* [WORK TO BE COMPLETED]:
Set out the listing word for word. End with the line that contains "Navy poly viscose".
MATERIAL PROVIDED below:
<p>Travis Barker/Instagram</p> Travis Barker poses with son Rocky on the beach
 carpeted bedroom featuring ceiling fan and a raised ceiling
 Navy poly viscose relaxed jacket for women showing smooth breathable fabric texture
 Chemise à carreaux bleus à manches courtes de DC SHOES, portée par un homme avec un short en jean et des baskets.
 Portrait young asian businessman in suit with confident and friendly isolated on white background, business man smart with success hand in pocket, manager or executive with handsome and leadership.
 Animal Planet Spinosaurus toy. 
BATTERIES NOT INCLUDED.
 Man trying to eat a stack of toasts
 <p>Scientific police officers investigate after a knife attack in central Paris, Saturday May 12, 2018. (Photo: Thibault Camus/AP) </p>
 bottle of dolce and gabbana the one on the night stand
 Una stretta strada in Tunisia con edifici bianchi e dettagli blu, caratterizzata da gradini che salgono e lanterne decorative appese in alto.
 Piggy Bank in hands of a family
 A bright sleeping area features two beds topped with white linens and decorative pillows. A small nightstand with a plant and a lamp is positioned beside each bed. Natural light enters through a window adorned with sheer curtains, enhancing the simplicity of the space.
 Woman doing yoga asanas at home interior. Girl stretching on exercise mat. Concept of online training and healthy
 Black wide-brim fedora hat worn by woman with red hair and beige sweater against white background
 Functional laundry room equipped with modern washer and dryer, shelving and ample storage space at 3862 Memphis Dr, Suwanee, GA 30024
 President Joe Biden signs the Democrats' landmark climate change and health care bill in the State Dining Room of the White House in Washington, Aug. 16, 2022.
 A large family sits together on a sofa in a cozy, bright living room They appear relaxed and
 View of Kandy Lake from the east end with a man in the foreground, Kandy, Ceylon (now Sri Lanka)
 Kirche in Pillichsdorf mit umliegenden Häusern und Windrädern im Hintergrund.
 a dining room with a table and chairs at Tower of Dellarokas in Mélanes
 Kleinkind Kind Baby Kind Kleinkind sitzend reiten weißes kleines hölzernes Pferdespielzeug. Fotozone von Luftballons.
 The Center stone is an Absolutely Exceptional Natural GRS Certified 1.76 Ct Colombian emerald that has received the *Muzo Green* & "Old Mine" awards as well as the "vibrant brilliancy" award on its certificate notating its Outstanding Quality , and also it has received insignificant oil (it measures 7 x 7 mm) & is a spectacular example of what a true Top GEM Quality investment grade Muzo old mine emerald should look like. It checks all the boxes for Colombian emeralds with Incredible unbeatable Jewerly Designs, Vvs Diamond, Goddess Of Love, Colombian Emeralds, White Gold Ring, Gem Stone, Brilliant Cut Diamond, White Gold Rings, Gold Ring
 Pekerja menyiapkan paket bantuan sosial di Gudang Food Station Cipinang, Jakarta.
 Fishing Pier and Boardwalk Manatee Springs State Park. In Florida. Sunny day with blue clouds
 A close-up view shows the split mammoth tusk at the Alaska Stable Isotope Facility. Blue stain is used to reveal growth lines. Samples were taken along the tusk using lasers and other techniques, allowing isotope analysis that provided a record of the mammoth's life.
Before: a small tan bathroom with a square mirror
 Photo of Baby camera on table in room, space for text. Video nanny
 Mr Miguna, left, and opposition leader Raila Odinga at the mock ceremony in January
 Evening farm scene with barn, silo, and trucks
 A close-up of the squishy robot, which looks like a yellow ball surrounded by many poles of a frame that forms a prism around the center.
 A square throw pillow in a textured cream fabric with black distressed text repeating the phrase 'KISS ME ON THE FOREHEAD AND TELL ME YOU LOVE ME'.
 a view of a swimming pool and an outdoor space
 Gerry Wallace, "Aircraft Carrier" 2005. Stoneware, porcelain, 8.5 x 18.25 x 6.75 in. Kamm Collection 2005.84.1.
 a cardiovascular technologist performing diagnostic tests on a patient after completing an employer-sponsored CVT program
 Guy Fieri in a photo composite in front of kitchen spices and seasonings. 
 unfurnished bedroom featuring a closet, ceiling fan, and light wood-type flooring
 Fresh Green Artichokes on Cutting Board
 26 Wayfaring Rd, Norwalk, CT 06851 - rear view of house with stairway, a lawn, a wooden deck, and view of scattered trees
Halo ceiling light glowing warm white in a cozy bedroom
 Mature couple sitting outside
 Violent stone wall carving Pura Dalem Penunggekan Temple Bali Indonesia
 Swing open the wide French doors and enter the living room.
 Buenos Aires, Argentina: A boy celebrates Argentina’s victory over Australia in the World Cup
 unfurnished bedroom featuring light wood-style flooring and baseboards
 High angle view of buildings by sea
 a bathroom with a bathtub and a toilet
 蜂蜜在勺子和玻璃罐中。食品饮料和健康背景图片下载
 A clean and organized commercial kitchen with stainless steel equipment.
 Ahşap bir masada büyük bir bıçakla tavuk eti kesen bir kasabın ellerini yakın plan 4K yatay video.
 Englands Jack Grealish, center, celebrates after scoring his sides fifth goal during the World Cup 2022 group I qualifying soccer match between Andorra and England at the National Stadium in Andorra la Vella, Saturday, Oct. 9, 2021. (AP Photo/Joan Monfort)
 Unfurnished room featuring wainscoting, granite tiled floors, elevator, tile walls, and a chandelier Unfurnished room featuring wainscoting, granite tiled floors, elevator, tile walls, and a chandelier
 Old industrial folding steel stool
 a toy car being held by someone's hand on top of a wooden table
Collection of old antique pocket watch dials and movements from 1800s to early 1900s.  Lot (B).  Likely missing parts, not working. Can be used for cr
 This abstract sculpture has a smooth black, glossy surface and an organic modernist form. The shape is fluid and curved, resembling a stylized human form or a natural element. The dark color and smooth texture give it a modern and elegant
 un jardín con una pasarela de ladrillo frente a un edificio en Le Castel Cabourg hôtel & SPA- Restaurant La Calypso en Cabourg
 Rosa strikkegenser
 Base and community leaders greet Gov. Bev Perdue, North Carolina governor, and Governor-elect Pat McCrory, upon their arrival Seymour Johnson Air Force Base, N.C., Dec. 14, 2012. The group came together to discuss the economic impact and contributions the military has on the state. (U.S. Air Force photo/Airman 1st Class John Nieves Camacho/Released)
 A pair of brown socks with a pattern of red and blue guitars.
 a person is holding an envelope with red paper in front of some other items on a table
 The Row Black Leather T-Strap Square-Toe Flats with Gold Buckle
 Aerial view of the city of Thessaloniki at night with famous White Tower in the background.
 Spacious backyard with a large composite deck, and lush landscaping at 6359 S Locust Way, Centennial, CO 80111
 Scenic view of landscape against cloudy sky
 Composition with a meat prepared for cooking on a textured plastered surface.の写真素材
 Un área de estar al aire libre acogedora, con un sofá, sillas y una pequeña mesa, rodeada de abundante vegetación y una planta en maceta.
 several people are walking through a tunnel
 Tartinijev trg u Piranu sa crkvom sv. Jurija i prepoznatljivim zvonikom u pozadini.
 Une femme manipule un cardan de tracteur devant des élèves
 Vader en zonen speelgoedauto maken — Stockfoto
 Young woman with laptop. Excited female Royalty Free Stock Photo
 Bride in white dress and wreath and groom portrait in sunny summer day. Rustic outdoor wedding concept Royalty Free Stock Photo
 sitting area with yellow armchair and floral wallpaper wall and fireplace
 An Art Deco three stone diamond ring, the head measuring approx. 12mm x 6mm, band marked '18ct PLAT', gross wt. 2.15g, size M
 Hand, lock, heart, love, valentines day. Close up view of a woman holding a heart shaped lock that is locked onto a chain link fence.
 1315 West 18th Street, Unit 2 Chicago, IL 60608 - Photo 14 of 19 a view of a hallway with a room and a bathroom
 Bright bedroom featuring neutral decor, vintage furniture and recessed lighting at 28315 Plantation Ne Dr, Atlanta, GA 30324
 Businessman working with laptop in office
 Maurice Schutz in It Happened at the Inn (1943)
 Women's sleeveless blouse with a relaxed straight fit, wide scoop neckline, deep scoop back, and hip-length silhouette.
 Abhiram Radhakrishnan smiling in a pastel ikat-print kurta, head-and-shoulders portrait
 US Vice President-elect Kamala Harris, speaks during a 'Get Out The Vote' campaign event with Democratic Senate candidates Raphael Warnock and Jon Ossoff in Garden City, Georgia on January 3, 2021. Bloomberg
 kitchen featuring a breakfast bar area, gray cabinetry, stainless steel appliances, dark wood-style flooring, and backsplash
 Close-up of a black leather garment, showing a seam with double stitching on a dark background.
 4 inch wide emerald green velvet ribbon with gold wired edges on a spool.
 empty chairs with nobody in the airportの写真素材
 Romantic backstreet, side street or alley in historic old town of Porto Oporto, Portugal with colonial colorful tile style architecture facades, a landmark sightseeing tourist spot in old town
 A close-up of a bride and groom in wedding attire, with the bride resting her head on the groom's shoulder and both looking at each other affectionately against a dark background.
End of MATERIAL PROVIDED.
* [OUTPUT FOR THIS TASK]:
<p>Travis Barker/Instagram</p> Travis Barker poses with son Rocky on the beach
 carpeted bedroom featuring ceiling fan and a raised ceiling
 Navy poly viscose relaxed jacket for women showing smooth breathable fabric texture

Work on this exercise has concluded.